No move on a snowboard can match the majesty of the classic method grab. Chris Moran considers why this trick above all others has stood the test of time.
Years ago I watched Shaun White, Mason Aguirre and Danny Davis fight it out in the Nippon Open pipe. Shaun eventually laid down the winning run with all the casual inevitability of a be-towelled German tourist claiming a deckchair*. As the last person drop in (and with the winner’s cheque already banked), he had a run to spare. Did he robotically repeat his winning run – technically the best he could do? No – he decided to thrill the crowd by doing straight airs as big as he could down the pipe. Hand on heart it was the best thing I’d seen in ages, and the cherry on the cake was a huge method air, caught so sweet in the tranny that it looked God himself had the Flying Tomato by the bobble on his beanie.
Ah yes, the method air – the perfect tango between snowboard and snowboarder. To the untrained eye it’s a simple heel-edge grab with the back foot pushed out; but to a connoisseur, it is the ultimate barometer of style. Do them well and they evoke the elegance of a classically-trained ballet dancer. Do them badly and you might as well grab a jester hat, put some skis on, and chuck a few daffies.

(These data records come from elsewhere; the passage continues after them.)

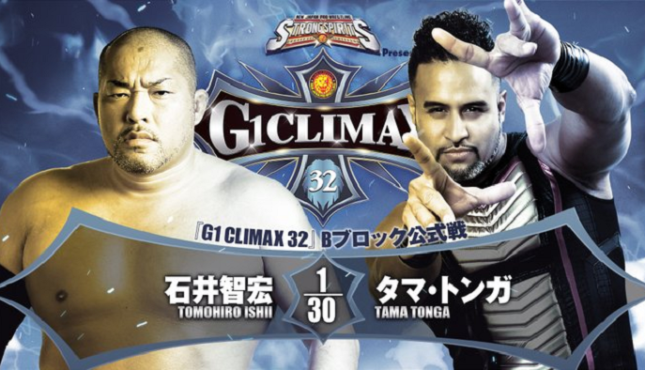 NJPW G1 Climax 32 Night Seven - Tomohiro Ishii vs. Tama Tonga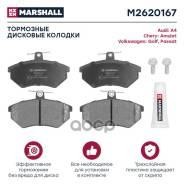    Audi 80 91-, Chery Amulet I, Ii 03-, Vw Caddy Ii 95-, Vw Golf Ii, Iii 88-, Vw Passat (B3, B4) 88- Marshall . M2620167 M2...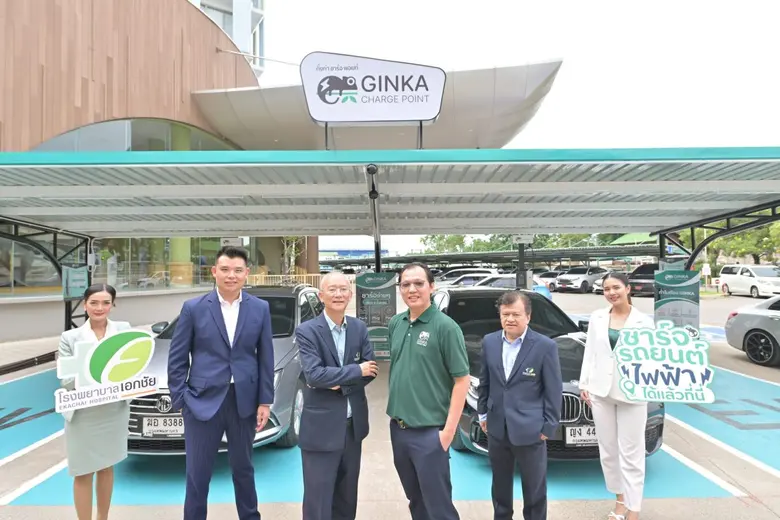 GINKA Charge Point พร้อมเปิดประสบการณ์การ...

To the untrained eye it’s a simple heel-edge grad with the back foot pushed out; but to a connoisseur, it is the ultimate barometer of style
Other sports have their own version of the method and it’s remarkable how similar their traits are. Bike riders flick their back wheel in what’s known as a “whip”, footballers have the scissor kick (watch it in slow-mo to see the twisted style element), and kitesurfers and wakeboarders have the railey – where the emphasis is on keeping your back arched as long as possible. In fact virtually every sport has its own version of the method, and the aesthetics of each are enough to inspire endless pub arguments and fill countless columns. They inspire the same kind of passion that made Ernest Hemingway dedicate a full book to his love of bullfighting – with the artistic merit of a Matador’s cape flick taking up large chunks. I’m not about to go to the lengths of Death in the Afternoon, because I know that debating the merits of who’s got the best method in snowboarding is a pointless exercise, on a par with trying to decide scientifically which is the fittest member of Girls Aloud. (Clearly, by the way, it’s the ginger one…)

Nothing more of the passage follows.